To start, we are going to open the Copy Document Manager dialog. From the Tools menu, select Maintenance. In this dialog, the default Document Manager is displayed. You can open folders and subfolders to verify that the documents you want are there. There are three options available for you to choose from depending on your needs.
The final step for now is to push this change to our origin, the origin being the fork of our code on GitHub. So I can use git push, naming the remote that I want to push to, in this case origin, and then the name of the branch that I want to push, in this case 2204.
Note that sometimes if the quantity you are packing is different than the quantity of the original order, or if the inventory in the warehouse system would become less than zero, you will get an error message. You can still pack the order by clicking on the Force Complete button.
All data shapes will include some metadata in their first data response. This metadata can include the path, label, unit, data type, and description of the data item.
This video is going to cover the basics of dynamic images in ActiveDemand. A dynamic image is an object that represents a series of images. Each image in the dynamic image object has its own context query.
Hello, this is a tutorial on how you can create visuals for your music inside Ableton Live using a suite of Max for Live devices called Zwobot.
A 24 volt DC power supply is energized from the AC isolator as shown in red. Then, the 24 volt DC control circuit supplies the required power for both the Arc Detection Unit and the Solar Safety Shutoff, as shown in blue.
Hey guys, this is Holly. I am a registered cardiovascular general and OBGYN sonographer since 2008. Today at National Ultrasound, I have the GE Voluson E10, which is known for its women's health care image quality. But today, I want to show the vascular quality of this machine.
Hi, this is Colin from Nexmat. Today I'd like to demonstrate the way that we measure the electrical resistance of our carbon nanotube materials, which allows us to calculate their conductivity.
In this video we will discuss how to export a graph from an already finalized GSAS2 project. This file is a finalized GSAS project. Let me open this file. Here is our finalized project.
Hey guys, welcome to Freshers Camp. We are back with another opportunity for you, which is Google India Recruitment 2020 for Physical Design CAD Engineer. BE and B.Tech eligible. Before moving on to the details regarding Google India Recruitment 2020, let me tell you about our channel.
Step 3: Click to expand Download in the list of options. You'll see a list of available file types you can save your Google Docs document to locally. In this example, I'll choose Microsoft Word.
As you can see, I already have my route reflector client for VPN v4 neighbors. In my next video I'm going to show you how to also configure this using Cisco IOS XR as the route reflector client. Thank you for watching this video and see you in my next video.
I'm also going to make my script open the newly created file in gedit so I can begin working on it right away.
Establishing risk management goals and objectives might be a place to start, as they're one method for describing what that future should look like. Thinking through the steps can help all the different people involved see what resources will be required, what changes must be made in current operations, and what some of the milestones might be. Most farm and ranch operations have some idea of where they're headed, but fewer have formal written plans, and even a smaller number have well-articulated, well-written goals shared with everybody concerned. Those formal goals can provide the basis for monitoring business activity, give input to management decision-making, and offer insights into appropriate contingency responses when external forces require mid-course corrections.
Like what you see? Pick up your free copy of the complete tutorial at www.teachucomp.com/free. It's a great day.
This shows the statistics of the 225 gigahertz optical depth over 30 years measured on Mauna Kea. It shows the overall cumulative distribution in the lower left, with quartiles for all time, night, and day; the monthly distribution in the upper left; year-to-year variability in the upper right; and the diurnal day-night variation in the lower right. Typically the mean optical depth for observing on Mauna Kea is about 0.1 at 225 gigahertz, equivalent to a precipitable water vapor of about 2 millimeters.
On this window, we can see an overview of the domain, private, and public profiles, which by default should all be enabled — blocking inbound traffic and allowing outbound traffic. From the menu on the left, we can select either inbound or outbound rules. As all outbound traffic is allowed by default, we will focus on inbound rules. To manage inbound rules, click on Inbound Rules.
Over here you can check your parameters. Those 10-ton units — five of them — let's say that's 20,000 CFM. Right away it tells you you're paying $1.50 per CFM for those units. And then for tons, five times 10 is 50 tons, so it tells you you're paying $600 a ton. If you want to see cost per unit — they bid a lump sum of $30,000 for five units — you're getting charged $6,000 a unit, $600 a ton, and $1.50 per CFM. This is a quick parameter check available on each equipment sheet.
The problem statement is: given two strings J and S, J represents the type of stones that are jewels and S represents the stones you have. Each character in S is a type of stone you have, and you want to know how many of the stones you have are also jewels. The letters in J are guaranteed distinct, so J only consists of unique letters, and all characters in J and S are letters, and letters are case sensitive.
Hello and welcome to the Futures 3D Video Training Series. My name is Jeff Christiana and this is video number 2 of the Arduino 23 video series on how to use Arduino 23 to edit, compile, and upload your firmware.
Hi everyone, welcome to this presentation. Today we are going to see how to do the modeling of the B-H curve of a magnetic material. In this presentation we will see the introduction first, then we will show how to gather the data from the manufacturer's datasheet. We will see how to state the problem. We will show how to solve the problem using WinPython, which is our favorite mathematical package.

### Work to be completed
Each line in the data that holds the word "tutorial" must be copied.

### Expected output
Hello, this is a tutorial on how you can create visuals for your music inside Ableton Live using a suite of Max for Live devices called Zwobot.
Like what you see? Pick up your free copy of the complete tutorial at www.teachucomp.com/free. It's a great day.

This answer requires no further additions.